=== Begin Enclosure ===

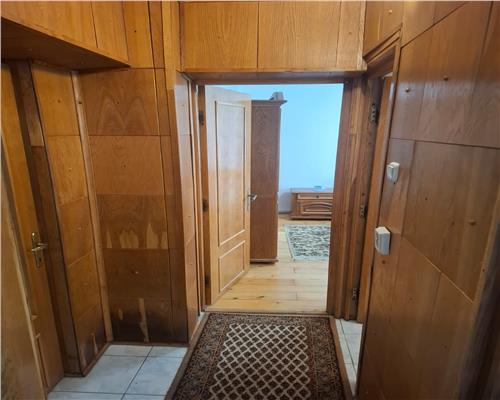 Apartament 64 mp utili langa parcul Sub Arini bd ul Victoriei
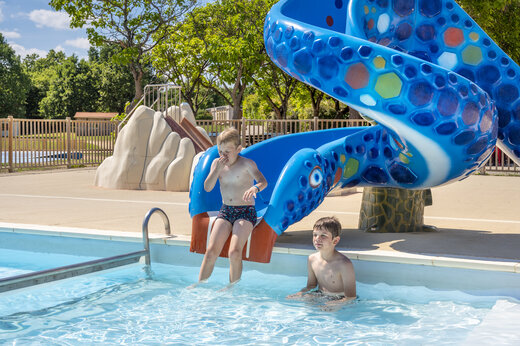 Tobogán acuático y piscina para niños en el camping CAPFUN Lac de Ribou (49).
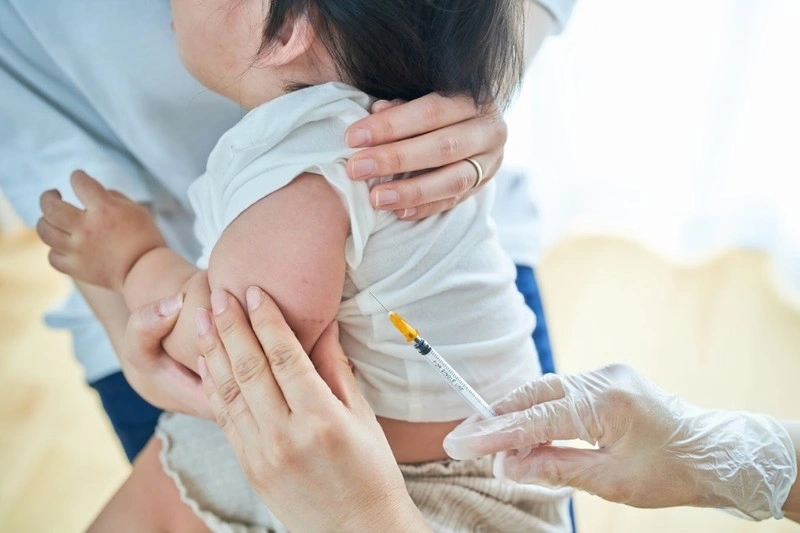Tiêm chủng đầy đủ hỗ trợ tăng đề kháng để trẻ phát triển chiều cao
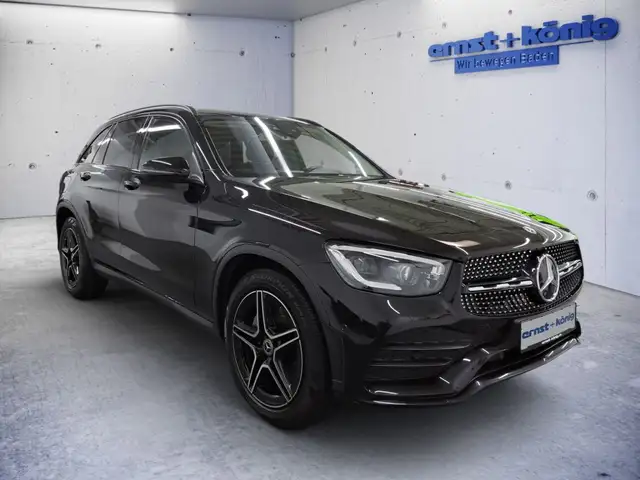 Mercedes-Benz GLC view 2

=== End Enclosure ===

Problem requirements: Everything from the line with "Tobogán acuático y" through the last line of the listing should be retyped exactly, with both end lines kept and the pictures left out.

Task answer:
 Tobogán acuático y piscina para niños en el camping CAPFUN Lac de Ribou (49).
Tiêm chủng đầy đủ hỗ trợ tăng đề kháng để trẻ phát triển chiều cao
 Mercedes-Benz GLC view 2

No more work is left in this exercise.